We have the capacity to reason.  With this we can discriminate as to what works and what doesn’t. 

In order to discriminate we need to have knowledge of sufficient details so that we can distinguish between the two.  We call those distinctions.

When we lack sufficient information (details, distinctions) to make good decisions, we should go get the information. (Duh!)

We get it either by learning (getting sufficient details into our knowledge base) or by getting it from a resource.  Learning works.  Using excellent resources works.

With these details (information) and reasoning, we can put together what works and what doesn’t."


EXAMPLES

A simple example of a distinction is seeing that one object is closer than another, which allows us to maneuver physically and to guage the immediacy of dangers. If all things looked like they were the same distance away, we would be in big trouble in more circumstances.

While the above is a "physical" distinction example, the same idea is true of "mental" distinctions.

If we could not tell who is a danger and who is not, we could have problems.

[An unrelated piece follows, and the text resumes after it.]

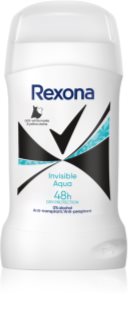 Rexona Invisible Aqua tuhý antiperspirant proti bielym škvrnám 50 ml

Fortunately, evolution built in some automatic distinction capability where we "learned" (evolved) over time to see nuances of emotion, such as anger, and/or of intent, such as another being unfriendly or hostile.  These are "subtle" distinctions, but the generalities that our lower, less smart brains developed have served us well overall, as they alert us so that we can then use our higher brain to further decide what is true by applying the higher brain's finer distinctions to make a better conclusion.  This distinguishing skill is often called "emotional intelligence."


THE BEST WAY TO ACQUIRE "DISTINCTIONS"

Of course, it has to be from learning - and that learning must be

1.  Systematic (not random)
2.  From experts (not from non-experts, well-meaning friends, etc.)

Sometimes there are high intensity or high focus workshops that offer distinctions in life, such as the organization at the end of this section or those listed under the Psychological Resources section.  The Life University suggests especially effective ways to learn life, plus identifying the means for different ages.

Read the piece:  What Are The Most Rational, Most Productive Choices For My Life? - An Inquiry/Test.


DOESN'T OUR BRAIN ALREADY DO THIS?

From Primitive Reaction Versus Reasoning (read this to avoid pitfalls and rationalizations that keep you stuck, royally!):

“…primitive limbic reasoning commits the twin logical fallacies of hasty generalizations and misplaced causality.”

Basically, again, we can't leave it up to the two lower brains!  (Duh!)


LEARNING DISTINCTIONS IN LIFE AND IN RELATIONSHIPS

In life:

Landmark Education emphasizes "making distinctions" as a key means to learn, making over 100 distinctions (points of differentiation) in their beginning Forum.  It is definitely useful to take that workshop.  It'll blow your old thinking out of the water and into a better, more useful place!

In relationships:

Learning more distinctions helps tremendously in relationships. (Duh!)  It can help make them much smoother and much more enjoyable. (Duh!)  As discussed in The Process For Creating A Great Relationship.